Bristolatino’s Music editor and joint Editor-in-Chief Phoebe Hopson tells us why X Planet’s first album Xistence is on her most-played tracklist. When the group performed at Bristol University’s Semana Cultural over a year ago, we were all impressed by the music, but also inspired by the unique story behind this Anglo-Cuban partnership.
Every year Bristol University’s Semana Cultural puts on a diverse programme of events, providing a platform for the appreciation of Spain and Latin America’s infinite cultural richness. Featuring in the musical side of last year’s event was a performance and talk by X planet, a group formed by ex- Bristol student Holly Holden and Cuban rapper Alain Garcia (Alayo Style), aka Cuban fly. The group successfully managed to melt the ice in the University’s common room, a venue not often associated with laid-back Cuban vibes. Holly Holden, the group’s female vocalist, kindly let me interview her about the group’s intriguing story and sound.
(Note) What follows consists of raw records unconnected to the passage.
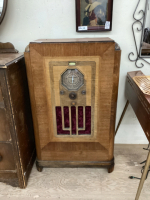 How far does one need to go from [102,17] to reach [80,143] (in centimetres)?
109

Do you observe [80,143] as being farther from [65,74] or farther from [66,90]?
[65,74]

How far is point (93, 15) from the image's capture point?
1.48 meters

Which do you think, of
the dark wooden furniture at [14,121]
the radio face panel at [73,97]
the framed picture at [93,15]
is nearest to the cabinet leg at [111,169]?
the radio face panel at [73,97]

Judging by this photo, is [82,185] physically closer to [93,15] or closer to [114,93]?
[114,93]

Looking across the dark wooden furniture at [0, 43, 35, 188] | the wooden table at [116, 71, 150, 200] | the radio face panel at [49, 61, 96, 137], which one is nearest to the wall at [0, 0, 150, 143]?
the dark wooden furniture at [0, 43, 35, 188]

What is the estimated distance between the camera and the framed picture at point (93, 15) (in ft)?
4.74

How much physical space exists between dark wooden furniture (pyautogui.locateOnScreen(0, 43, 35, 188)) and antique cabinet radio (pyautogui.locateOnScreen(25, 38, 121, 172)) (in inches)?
3.9

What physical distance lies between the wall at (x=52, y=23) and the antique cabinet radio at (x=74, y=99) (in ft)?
1.24

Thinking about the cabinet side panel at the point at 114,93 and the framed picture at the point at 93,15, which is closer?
the cabinet side panel at the point at 114,93

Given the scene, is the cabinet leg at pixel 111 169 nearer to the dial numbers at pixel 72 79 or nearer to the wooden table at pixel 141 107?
the wooden table at pixel 141 107

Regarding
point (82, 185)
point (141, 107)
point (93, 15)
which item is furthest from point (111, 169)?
point (93, 15)

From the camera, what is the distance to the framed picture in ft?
4.74

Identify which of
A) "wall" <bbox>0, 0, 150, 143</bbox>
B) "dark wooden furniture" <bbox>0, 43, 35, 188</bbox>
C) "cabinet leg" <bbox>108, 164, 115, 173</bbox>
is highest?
"wall" <bbox>0, 0, 150, 143</bbox>

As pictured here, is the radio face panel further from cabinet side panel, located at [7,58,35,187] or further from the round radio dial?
cabinet side panel, located at [7,58,35,187] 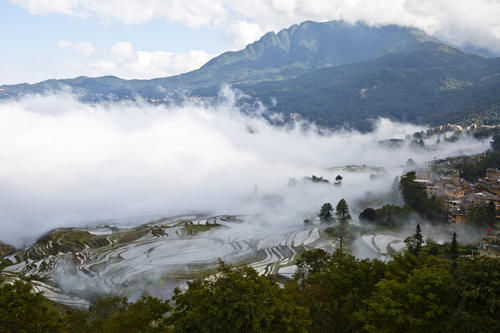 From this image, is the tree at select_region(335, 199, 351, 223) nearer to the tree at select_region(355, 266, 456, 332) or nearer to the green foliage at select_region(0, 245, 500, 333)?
the green foliage at select_region(0, 245, 500, 333)

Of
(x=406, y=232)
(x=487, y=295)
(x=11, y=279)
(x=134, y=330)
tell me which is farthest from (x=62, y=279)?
(x=487, y=295)

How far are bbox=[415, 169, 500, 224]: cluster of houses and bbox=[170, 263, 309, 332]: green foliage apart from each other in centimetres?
7686

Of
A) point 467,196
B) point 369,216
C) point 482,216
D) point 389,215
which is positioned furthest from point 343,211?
point 482,216

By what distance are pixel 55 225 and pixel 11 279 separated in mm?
82569

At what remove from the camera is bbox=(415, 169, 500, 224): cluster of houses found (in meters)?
87.9

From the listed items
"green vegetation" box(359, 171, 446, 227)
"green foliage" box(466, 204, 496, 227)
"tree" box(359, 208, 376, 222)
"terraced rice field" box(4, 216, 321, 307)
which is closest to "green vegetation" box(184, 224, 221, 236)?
"terraced rice field" box(4, 216, 321, 307)

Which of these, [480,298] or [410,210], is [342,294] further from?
[410,210]

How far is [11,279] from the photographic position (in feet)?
313

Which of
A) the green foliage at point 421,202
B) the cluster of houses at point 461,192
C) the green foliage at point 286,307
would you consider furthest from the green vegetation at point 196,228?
the green foliage at point 286,307

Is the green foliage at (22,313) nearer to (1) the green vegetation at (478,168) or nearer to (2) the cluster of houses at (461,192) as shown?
(2) the cluster of houses at (461,192)

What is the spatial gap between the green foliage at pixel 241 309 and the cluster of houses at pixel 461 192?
252ft

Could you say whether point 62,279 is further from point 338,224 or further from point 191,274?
point 338,224

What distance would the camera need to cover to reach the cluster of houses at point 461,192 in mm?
87938

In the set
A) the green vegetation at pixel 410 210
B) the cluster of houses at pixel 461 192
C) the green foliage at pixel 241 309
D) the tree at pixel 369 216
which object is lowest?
the tree at pixel 369 216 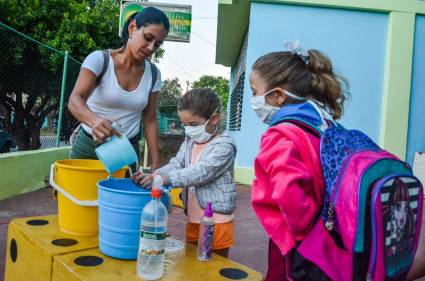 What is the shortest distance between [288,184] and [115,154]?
891 mm

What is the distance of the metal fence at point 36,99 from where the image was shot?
570 centimetres

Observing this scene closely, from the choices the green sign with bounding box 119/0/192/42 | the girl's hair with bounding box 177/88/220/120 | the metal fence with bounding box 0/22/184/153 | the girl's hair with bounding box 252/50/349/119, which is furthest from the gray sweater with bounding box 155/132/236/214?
the green sign with bounding box 119/0/192/42

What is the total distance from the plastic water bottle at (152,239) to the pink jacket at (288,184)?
0.36 metres

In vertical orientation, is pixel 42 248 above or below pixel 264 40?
below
The story began in June 2011, when Holly was researching her masters in Santiago de Cuba, the Island’s second largest city. Here she met Alayo Style, and the first sparks of inspiration flew, leading her to return to Cuba in January the following year to embark on their first 11 track album, Xistence. This album, as Holly explained, is about harmony, freedom and fun, all of which are palpable in the group’s unique sound.
The album finds its individuality in the band’s vast range of influences and rhythmical inspirations, aided by producer Kiki Pro, a key name on the Cuban reggaeton scene. The track Embora, which means ‘urge to leave’ in Portuguese, showcases this. While Alayo Style effortlessly raps, switching between Portuguese, Spanish and English (which Holly revealed is a “tip of the hat to Brazil”, where he lived for six months), Holly’s beautiful, soulful voice leads the chorus. The song has a distinctly tropical feel, pulling its influences from kei somba, a rhythm originally from Haiti that landed on Cuban soil through Haitian immigration to the sugar plantations. Lyrically, the track captures the frustrations of wanting to get out in a catchy, light-hearted manner.
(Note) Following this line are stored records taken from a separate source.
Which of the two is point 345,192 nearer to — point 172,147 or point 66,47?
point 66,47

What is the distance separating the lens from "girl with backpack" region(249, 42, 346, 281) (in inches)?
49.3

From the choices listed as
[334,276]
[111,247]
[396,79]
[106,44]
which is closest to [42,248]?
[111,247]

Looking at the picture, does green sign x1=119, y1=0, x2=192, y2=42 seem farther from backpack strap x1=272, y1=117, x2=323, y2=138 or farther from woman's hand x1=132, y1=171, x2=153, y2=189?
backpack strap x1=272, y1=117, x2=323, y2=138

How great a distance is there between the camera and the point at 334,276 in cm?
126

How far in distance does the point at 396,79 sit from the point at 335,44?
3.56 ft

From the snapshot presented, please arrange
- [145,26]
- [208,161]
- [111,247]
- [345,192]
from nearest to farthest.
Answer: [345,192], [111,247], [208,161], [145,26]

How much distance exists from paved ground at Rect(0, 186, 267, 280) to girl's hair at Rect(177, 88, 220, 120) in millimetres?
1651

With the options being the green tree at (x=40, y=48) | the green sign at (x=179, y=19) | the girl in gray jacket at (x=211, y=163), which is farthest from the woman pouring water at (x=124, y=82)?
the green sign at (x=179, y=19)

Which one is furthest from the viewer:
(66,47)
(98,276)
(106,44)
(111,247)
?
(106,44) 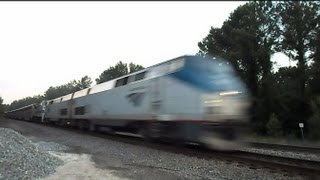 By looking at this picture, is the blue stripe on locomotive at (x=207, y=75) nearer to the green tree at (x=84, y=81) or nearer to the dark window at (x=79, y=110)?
the dark window at (x=79, y=110)

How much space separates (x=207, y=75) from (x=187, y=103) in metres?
1.25

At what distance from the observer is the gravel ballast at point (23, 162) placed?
384 inches

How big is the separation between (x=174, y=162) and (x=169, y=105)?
3861 mm

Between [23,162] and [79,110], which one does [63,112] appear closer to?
[79,110]

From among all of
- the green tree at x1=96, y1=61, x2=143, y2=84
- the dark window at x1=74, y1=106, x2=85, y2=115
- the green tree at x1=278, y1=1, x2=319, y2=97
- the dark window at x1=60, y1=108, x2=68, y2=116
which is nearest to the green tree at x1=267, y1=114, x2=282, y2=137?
the green tree at x1=278, y1=1, x2=319, y2=97

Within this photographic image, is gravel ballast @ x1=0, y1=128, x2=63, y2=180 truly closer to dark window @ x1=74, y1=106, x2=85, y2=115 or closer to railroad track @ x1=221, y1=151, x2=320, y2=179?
railroad track @ x1=221, y1=151, x2=320, y2=179

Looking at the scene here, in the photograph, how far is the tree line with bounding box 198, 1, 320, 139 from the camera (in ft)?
143

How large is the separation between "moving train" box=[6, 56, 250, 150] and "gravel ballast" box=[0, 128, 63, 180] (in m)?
4.89

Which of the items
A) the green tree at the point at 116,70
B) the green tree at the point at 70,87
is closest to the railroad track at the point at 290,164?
the green tree at the point at 116,70

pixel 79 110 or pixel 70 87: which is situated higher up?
pixel 70 87

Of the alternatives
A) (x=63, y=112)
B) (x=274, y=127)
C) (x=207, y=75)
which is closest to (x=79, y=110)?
(x=63, y=112)

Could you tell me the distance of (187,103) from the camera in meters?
14.9

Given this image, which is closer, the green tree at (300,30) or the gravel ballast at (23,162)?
the gravel ballast at (23,162)

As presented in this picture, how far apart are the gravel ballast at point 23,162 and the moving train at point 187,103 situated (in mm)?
4886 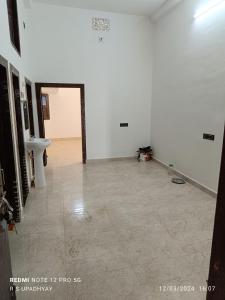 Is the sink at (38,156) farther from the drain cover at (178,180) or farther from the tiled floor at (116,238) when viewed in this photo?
the drain cover at (178,180)

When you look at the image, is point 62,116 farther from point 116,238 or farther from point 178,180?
point 116,238

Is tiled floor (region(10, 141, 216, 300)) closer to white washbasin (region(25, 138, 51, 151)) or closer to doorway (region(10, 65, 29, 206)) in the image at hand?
doorway (region(10, 65, 29, 206))

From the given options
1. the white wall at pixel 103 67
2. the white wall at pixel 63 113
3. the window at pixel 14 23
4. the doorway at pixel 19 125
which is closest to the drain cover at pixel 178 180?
the white wall at pixel 103 67

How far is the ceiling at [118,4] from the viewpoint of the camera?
14.2ft

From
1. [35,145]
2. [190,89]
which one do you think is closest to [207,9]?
[190,89]

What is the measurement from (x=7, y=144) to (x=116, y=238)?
169 centimetres

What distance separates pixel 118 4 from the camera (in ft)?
14.6

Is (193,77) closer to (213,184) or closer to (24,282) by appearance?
(213,184)

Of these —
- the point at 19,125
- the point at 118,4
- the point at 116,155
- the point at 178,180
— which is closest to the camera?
the point at 19,125

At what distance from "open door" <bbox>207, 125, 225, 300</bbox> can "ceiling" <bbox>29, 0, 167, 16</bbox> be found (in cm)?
479

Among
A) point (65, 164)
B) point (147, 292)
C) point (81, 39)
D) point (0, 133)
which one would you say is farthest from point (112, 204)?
point (81, 39)

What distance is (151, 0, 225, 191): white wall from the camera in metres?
3.28

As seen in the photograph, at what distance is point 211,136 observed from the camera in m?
3.45

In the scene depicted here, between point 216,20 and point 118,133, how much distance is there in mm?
3222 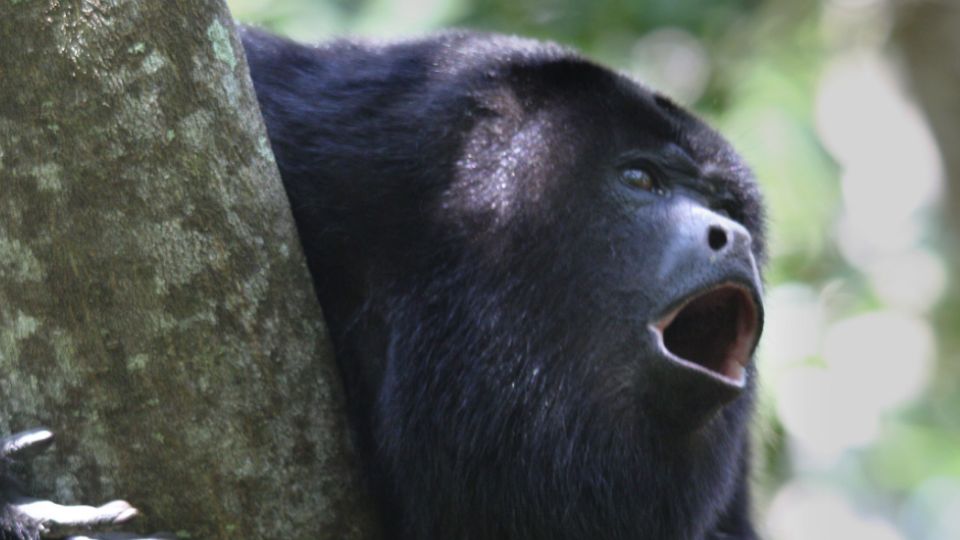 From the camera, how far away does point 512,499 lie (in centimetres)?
277

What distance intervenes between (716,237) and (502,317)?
1.47 ft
As ifthis delightful tropical influence wasn’t enough, there are also aspects of Jamaican raga and dub music to be found on the track, making it impossible not to sway along.
Each song is original in theme and sound, making Xistence a colourful listen overall. The soulful tribute track to Santiago, named after the city, differs immensely from the upbeat, more commercial-sounding Slow Down Sugar. According to Holly, the band’s eclectic sound is in part due to their shared ambition to dodge being pigeonholed by a set musical genre and the unjustified snobbery that anything commercial sounding can’t be good music.
X Planet have successfully gigged in Cuba and the UK despite unending tribulations of visa bureaucracy. Undeterred by these added complications, a second album is hopefully on the not too distant horizon, and according to Holly’s blog (http://hollyholdenincuba.wordpress.com/), it seems that the X Planet project is very much alive. If future music is anything like that found on the first album, it too will deserve a place on your most played track-list, ready for when you need cheering up on a gloomy British day!